Les peaux de clémentine qui séchait sur le poêle,
gavé de charbon, distillaient leur essence, chatouillaient nos narines, embaumaient
la maison. Une maille à l’endroit, la deuxième à l’envers, les aiguilles sous
les bras, la patience remontée, elle a bien essayé… désolée Mamie Vic, j’ai
fait ce que j’ai pu, mais les aiguilles et moi, on ne s’est jamais revues…
L’été c’était dehors, tout au bout du jardin, un
long couloir en friche qui menait aux rails convoités. Le fameux chemin de fer,
et la barrière au loin, assis sur le talus, on attendait le train. Des wagons
rouillés, remplis de marchandises, allure préhistorique, trésors à deviner.
Un bonjour aux voisins, Flora nous attendait, les
poches pleines de bonbons, le noir pour seule couleur. Les veuves se
ramassaient à la pelle dans ce coron désuet, celle-ci perdit la boule mais
jamais son sourire.
Venait le temps des cerises, que l’on allait
cueillir, au verger de la ferme, à quelques enjambées. Echelle, panier d’osier,
fruits juteux et fous rires. Retour et confitures, nos bouilles de peaux rouges
fripouilles, prises en flagrant délit.
Un jour, le fauteuil est venu, ultime compagnon. Le corps usé mais la
tête dure, Victoire s’y est assise et a continué. Le reste, moins pittoresque,
je l’ai laissé dormir, mémoire très sélective, dans le dédale de mes souvenirs.
Commentaires
Victoire, c'était aussi le nom d'une aieulle, mais bien plus lointaine !
Si je compte bien, ça doit donner Arrière-Arriere-Grand-mère !!!
Ma mère, ma grand-mère, son père et la mère de son père !
Soyons honnête : je n'ai pas connu sa vie !
Tout au plus que son mari était valet de maître dans une Grande maison et portait la cape et le haut-de-forme ! :-)
Quant à elle, une vieille photo retrouvée lui donne un visage d'une grande dureté !
http://propos-de-lui.hautetfort.com
Oui, un moyen de faire en sorte aussi que ces personnes qui nous ont aimé ne tombent pas dans l'oubli, parce qu'ils ne sont plus à nos côtés depuis tant d'années déjà...
@Laurent :
Les photos de l'époque devaient être prises très au sérieux, on ne rigolait pas svp ;-) !!

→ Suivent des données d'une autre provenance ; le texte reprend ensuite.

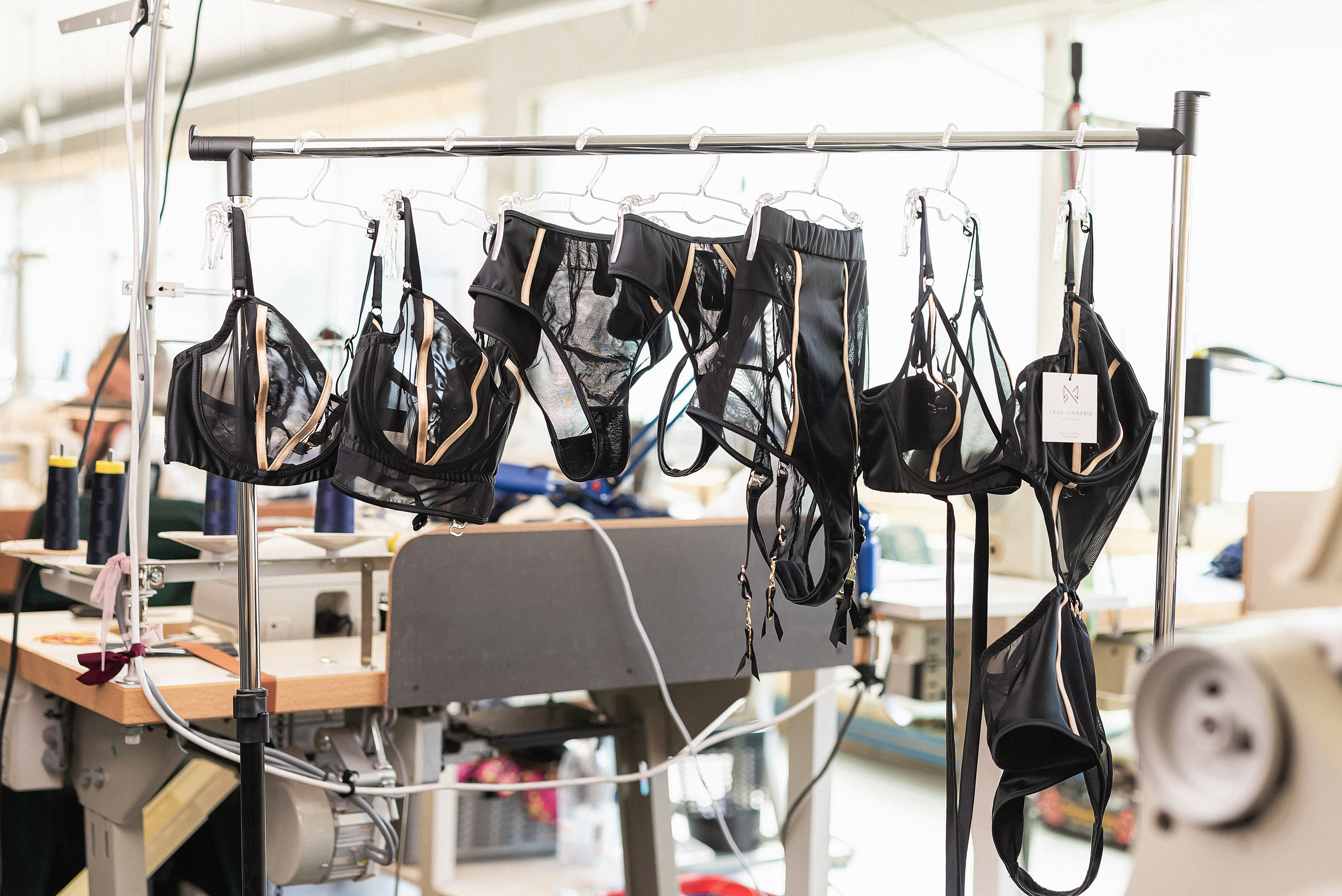 Vixen & Fox Lingerie — Australia. Fotogrāfs Rīgā. Gīmenes, individuālās un dažādu produktu fotosesijas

Mamie Vic avait un caractère un peu "tête de bois" parfois mais elle adorait aussi rire et faire des farces à tous ceux qui voulaient bien se prêter au jeu :-)
Amicalement
Depuis longtemps l'envie me prend d'écrire quelques mots en hommage à celle qui m'a fait grandir. Un héritage qui ne se voit pas, qui se ressent en moi comme une douce signature.
J'ai surtout la chance de l'avoir encore à mes côtés, son ouverture d'esprit intact...
Le mari de Victoire, donc le grand-père de ma grand-mère, était un homme charmant, d'une gentillesse et d'un sourire constant !
Rien que son visage en photo me fait sourire, malgré sa longue barbe blanche !
Malgré la photo d'époque !
Et ma grand-mère et d'ailleurs moi-même avons hérité de ce don du "sourire de sang" qui fait sourire les autres ... en nous-mêmes !
Il n'y avait que Victoire à donner envie d'être sérieux !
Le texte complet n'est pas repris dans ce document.